Bir doğu ülkesi gezisinde Bay Palomar, bir pazardan bir çift terlik satın aldı. Evine dönünce, terliği giymeyi deniyor: Bir tekin öbürkünden daha büyük olduğunu ve ayağından çıktığını görüyor. Pazarın bir girintisinde, her ölçüden karmakarışık bir terlik yığınının önünde, topukları üzerine çömelmiş yaşlı satıcıyı ansıyor; ayağına uyacak bir terlik bulmak için yığını karıştırması, bulduğunu giydirmesi, yığını tekrar karıştırıp öbür eşi olduğunu varsaydığı terliği vermesi, kendisinin de bunu denemeden kabul edişi gözlerinin önüne geliyor.

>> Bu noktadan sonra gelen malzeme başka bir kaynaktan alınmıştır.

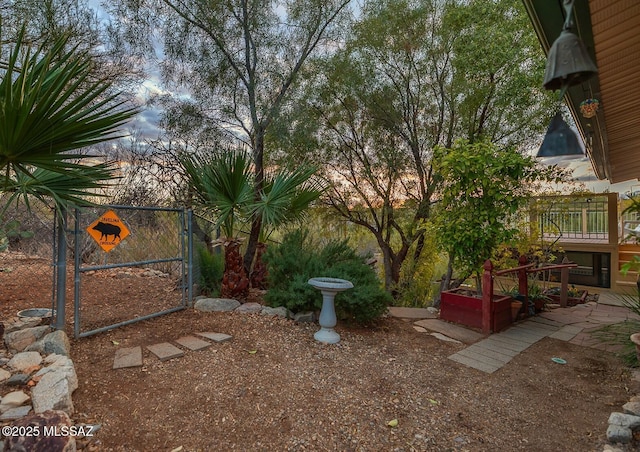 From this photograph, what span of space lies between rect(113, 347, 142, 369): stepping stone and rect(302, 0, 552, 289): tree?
387 cm

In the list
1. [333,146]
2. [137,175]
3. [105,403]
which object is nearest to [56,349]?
[105,403]

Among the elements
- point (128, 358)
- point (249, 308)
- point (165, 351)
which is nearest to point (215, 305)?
point (249, 308)

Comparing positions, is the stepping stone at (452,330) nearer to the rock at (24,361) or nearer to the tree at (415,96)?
the tree at (415,96)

“Belki şimdi – diye düşünüyor Bay Palomar – o ülkede de bir başka kişi tekeş terliklerle dolaşıyor.” Ve her adımda ayağından çıkan, ya da çok dar olduğu için ayağını burarak hapis eden terlikleriyle, topallayarak çölde dolaşan narin bir gölge görüyor. “Belki şu sırada, o da beni düşünüyor, değiş tokuş yapmak için benimle karşılaşmayı umuyor. Bizi birbirimize bağlayan ilişki, insanlar arasında kurulan ilişkilerin büyük bir çoğunluğundan daha somut ve açık. Buna karşılık hiçbir zaman karşılaşmayacağız.” Tanımadığı mutsuzluk arkadaşıyla dayanışmak, çok az rastlanan bu tamamlayıcılığı, bir kıtadan bir başkasına yansıyan bu aksak adımları canlı tutabilmek için, tekeş terlikleri giymeyi sürdürmeye karar veriyor.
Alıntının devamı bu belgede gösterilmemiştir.